|
|
|
|
|
by sharpneli
1267 days ago
|
|
That part is bit weird because checking data dependencies is precisely what the OoO does. If that was strict part of what superscalar is then OoO moniker would be redundant. If one doesn't execute things out of order then checking for dependencies is useless. However above that is the simple definition, which is that as long as it executes more than a single instruction per clock it's superscalar. Even SIMD is taken as an example of a superscalar CPU. As for the original claim the ia64 is very much a superscalar CPU. All VLIW designs are superscalar. VLIW can be also thought as OoO superscalar CPU with the reorder buffer and dependency analyzer ripped off and exposing the execution units explicitly in their gory details. Or alternatively we can also say that VLIW already won, we just added a big honking chip on top to JIT compile machine code into VLIW micro-ops. |
|
Even in order non-superscalar cpus need some kind of dynamic checking if they allow out of order completion by allowing succesive low latency instructions to execute under the shadow of a preceding high latency instruction [1]. I'm not an cpu architect but this tracking is much simpler than the register renaming of OoO and only relies on hardware interlocks.

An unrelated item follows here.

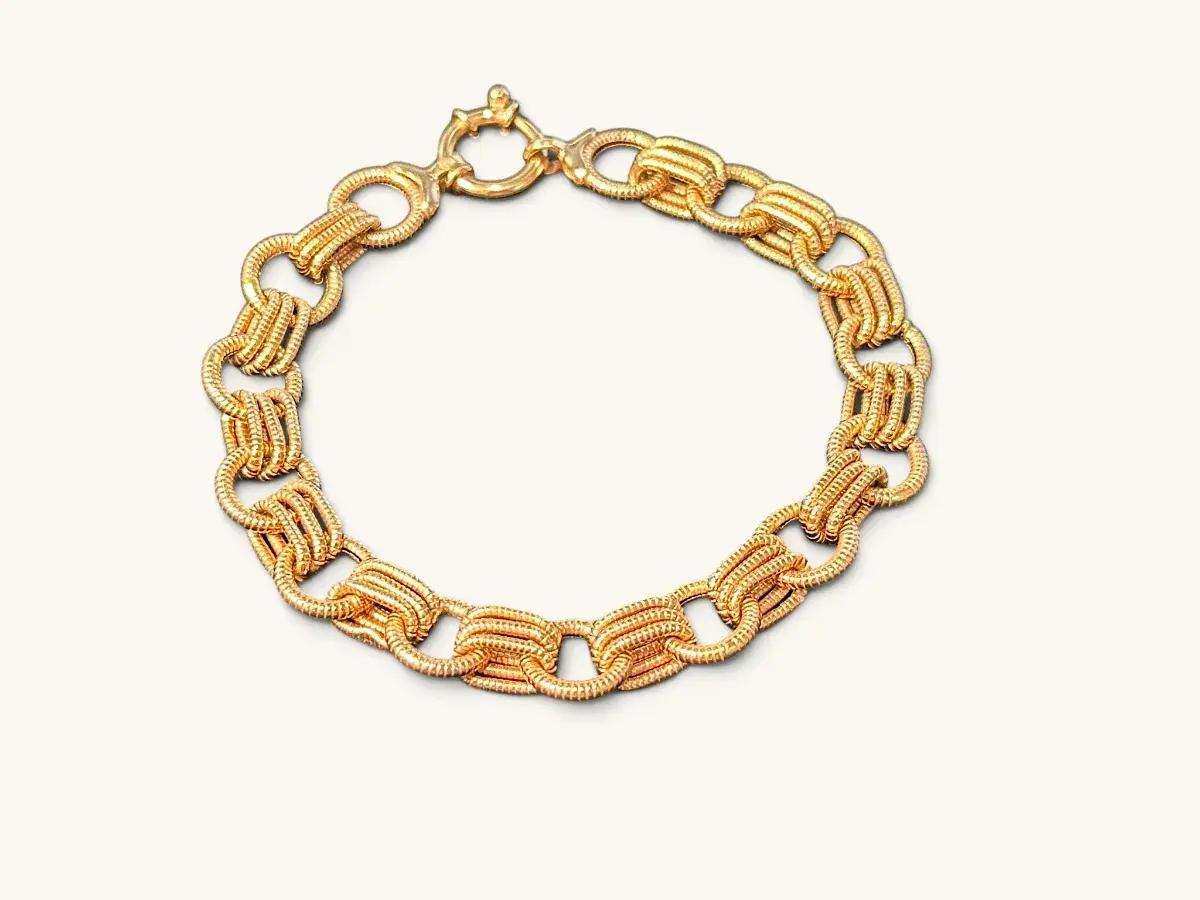 Italian Milor 14K Rose Gold Semi-Solid Fancy Link Bracelet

I think the grandparent is right in distinguishing VLIW, especially exposed pipeline ones, from superscalar as they have no tracking at all and just naively issue bundles; I think it is an useful distinction.
EPIC is more complicated as while it allows expressing intrabundle parallelism, it also allow dependencies and so it does need hardware interlocks. You could argue either way.
I think SIMD by itself should not be considered superscalar as it is still executing a single instruction is a single execution unit (compare the term superscalar itself to vector computation). Of course a superscalar CPU could have the capability to issue distinct SIMD instructions in parallel (for example larrabee).
CPU microarchitecture details are fun!
[1] there are many examples, starting with the CDC 6600; quake was also famous for implementing texture perspective correction by scheduling a division every 16 pixels and using fast approximation for the remaining pixels.